3. Annie Hall (1977)
Annie Hall

Every scene, every gag in Annie Hall is so familiar that it’s easy to forget how abrasively strange it is: the subtitled romantic double-speak, the outpoured soliloquies to camera, the temporal freeness, even Allen’s character, Alvy Singer, wandering through his own childhood flashback. It’s a romantic comedy the like of which cinema had never seen before and hasn’t since. Allen and Diane Keaton are jousting here on such a perfectly even footing, and with such supremely matched warmth and wit, that you half feel she should be credited as co-director.

It’s established in Allen lore that the picture was originally a two-and-a-half-hour solipsistic ramble, with Alvy and Annie’s fling relegated to a subplot. But in the edit, their relationship was what brought the film to life, and the dead wood was mercilessly cut back. Allen’s preferred name for the film he’d originally planned was Anhedonia: a Greek term for the inability to feel pleasure. There couldn’t have been a less appropriate title for the finished film.

2. Crimes and Misdemeanors (1989)

Crimes and Misdemeanors

“People carry awful deeds around with them. This is reality. In reality we rationalise, we deny, or we couldn’t go on living.” With these words, ophthalmologist Judah Rosenthal (the magnificent Martin Landau) tries to justify an appalling crime – his last recourse, after he orders the murder of the mistress (Anjelica Huston) who is threatening him with blackmail, in holding on to the cushy existence he’s built.

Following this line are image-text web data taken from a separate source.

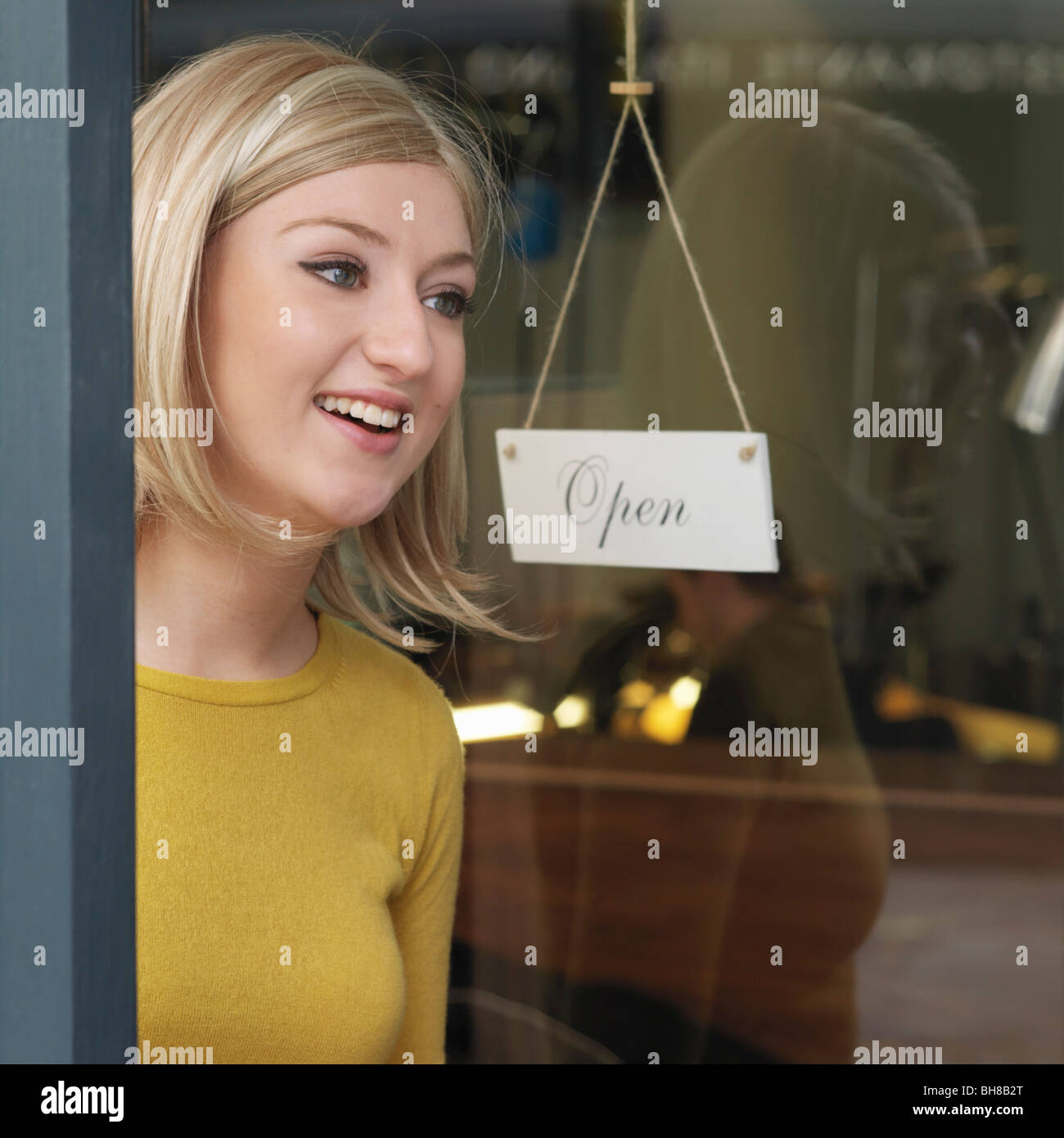woman at glass door Stock Photo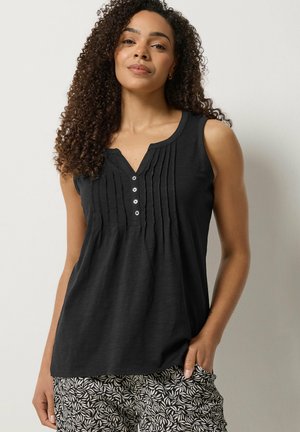 Vrouw met krullend haar, gekleed in een mouwloos zwart blouse met knopen en plooien, en zwart-witte patroonbroek, staand tegen een effen muur.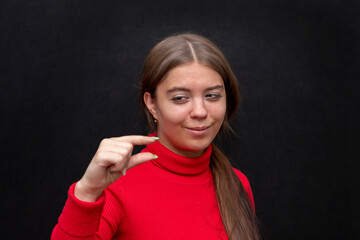 A young girl shows with her fingers the size or level of something small on a black background.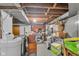View of the unfinished basement with exposed ceiling, concrete floor, and stored items at 1061 N Layman Ave, Indianapolis, IN 46219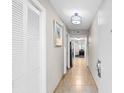 Bright hallway with tiled floor, white closet, and view into living area at 5200 N Ocean Blvd. # 1033, Myrtle Beach, SC 29577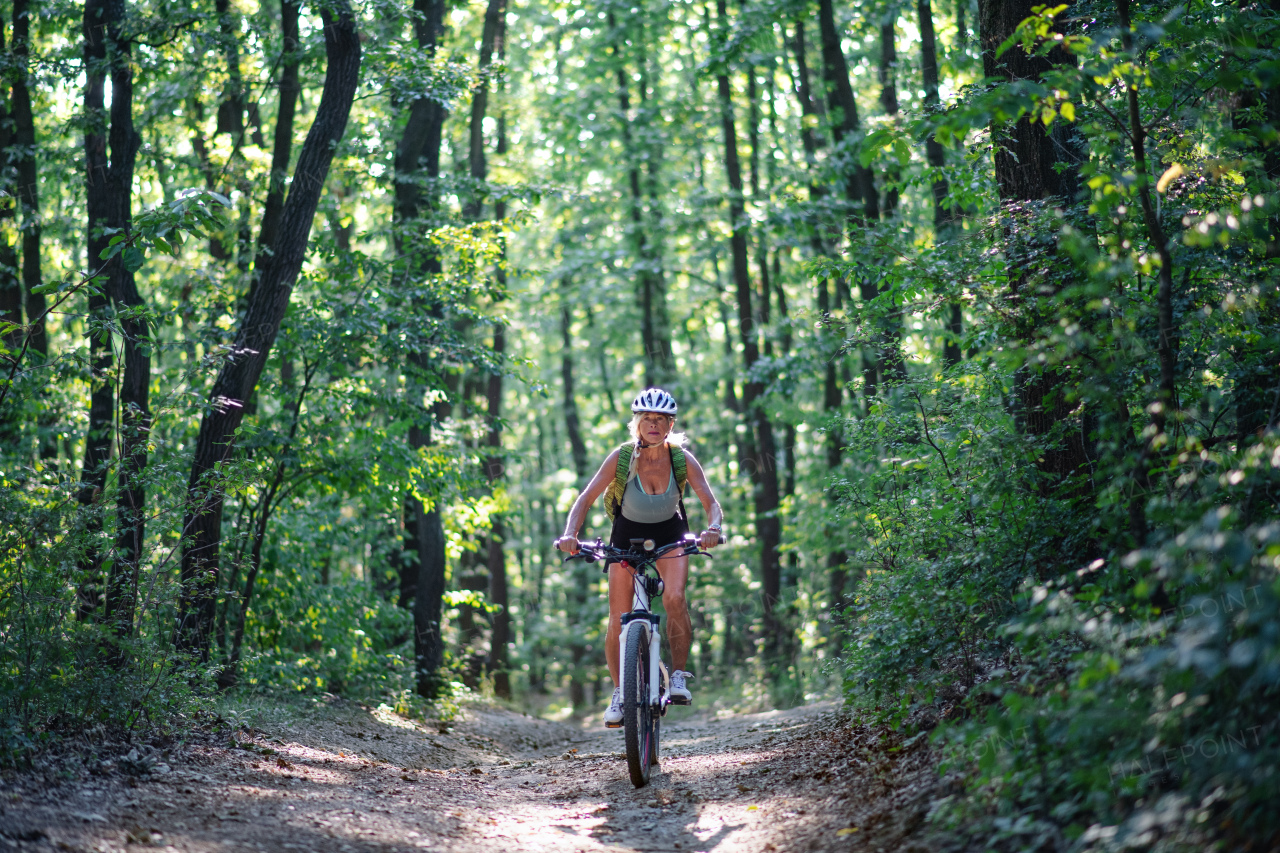 A front view of active senior woman biker cycling outdoors in forest.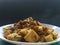 Yellow curry tofu fried on white dish with hot smoke on black background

He’s speaking to the film’s other main character, Allen’s documentary filmmaker Clifford Stern, in the one scene they share, sitting apart from a wedding celebration at the film’s very end. Not here the fortune-cookie insights that some of Allen’s lesser pictures call philosophy. Here he’s thinking deeply about moral choice, the question of whether guilt in your own eyes or the eyes of the world matters more. This bubblingly wise film, rich with beautifully dovetailing metaphors about blindness and conscience and the perils of self-knowledge, has only grown in stature since its release. It is Allen on soaring form, gliding so elegantly through its maze of ideas it’s as if the spirit of Fred Astaire gave it lift-off.

1. Hannah and Her Sisters (1986)

Hannah and Her Sisters
Credit: Rex

Here it is: not just Allen’s creative pinnacle, but perhaps the most perfectly assured braiding of comedy and drama in mainstream American film. It feels like the miraculous sweet spot between all of its filmmaker’s many modes and tones – biting without being cruel, profound without seeming sanctimonious, warmly humane without collapsing into goo.

The diverging romantic fortunes of Hannah (Mia Farrow), Lee (Barbara Hershey) and Holly (Dianne Wiest, who won an Oscar, as did Michael Caine) provide an ideal, Chekhovian structure for Allen to check in on a midway state of adulthood, when there’s already a sense of disappointment about squandered promise and happiness unsustained, but still a great deal to play for. And this is what makes his bittersweet symphony so affirming, and generous-minded to all involved, and the viewer most of all. Without cheating its way out of everyone’s massed misfortunes, it says, in so many words: don’t give up.